Restrictions and rationing already are a reality in many countries that have similar agencies. For example, New Zealand's CER agency, Pharmac, took nearly five years to approve the use of the anti-cancer drug Herceptin even though the breakthrough drug was shown to increase the survival rate of certain early-stage breast cancer patients by up to 95 percent.

In July 2007, Pharmac finally approved Herceptin – but only for a nine-week regimen. There was scant evidence that nine weeks of treatment would be sufficient to save lives. In the interest of cost, Pharmac opted not to cover the drug for the full 12-month period that had been proved effective in a clinical study of more than 13,000 patients.

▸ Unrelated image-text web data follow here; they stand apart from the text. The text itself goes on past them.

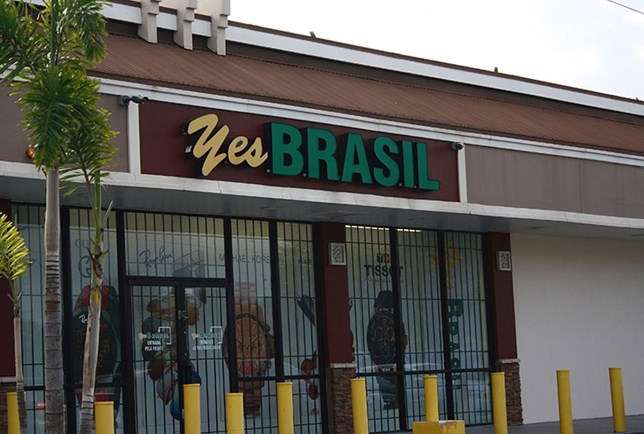Yes Brasil Orlando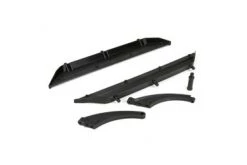 LOS251010 | Losi DBXL Side Chassis Guard And Brace Set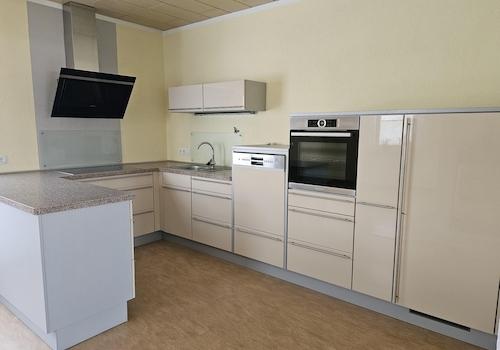 Wohnküche EG m. EBK Ansicht 3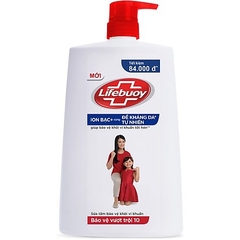 Sữa Tắm Lifebuoy 1,1kg Bảo Vệ Cơ Thể Khỏi Vi Khuẩn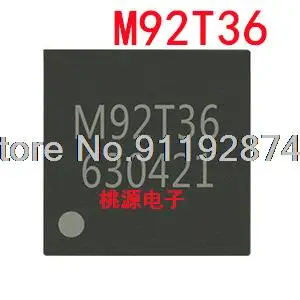 1-10 шт. M92T36 QFN-40 для консоли NS switch материнская плата микросхема питания 100% Новая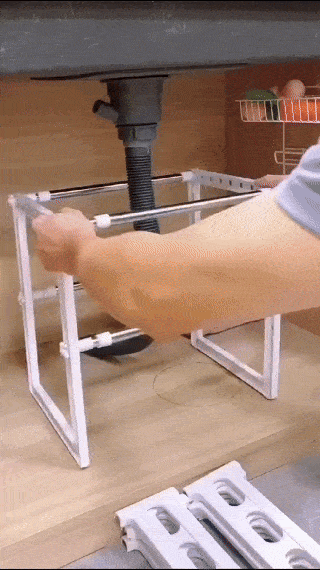 MultiRack: Estante Expandible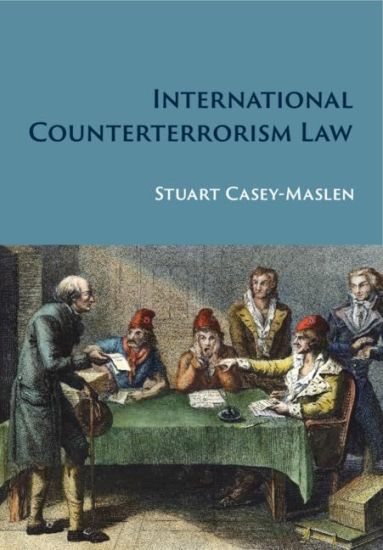 International Counterterrorism Law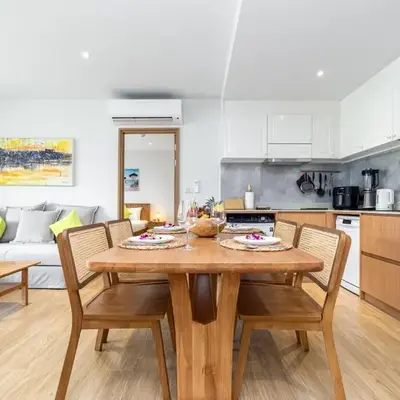 Beachside 2 bedrooms apartment 200 meters to Bang Tao Beach Manage by OCEAN HUB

Britain's comparative-effectiveness agency is similarly parsimonious. It has denied approval for three kidney cancer drugs widely available in other countries. Their comparative-effectiveness agency, the National Institute for Health and Clinical Excellence, claims the medicines are too costly. Even worse, patients who buy the drugs on their own risk losing coverage for other medical care through the country's national health system. All the while, British cancer patients needlessly suffer and some die for lack of drugs that are available elsewhere and proved safe.

Americans are justifiably concerned that such scenarios could take root in the United States if the government manipulates comparative-effectiveness studies to dictate how doctors treat their patients.

Lawmakers must not repeat the mistakes of other countries by misusing CER to systematically deny patients access to top-flight medical treatments and ultimately diminish the incentive for researchers to develop new drugs in the future.

Grace-Marie Turner is president of the Galen Institute, a nonprofit research organization focusing on patient-centered solutions to health reform.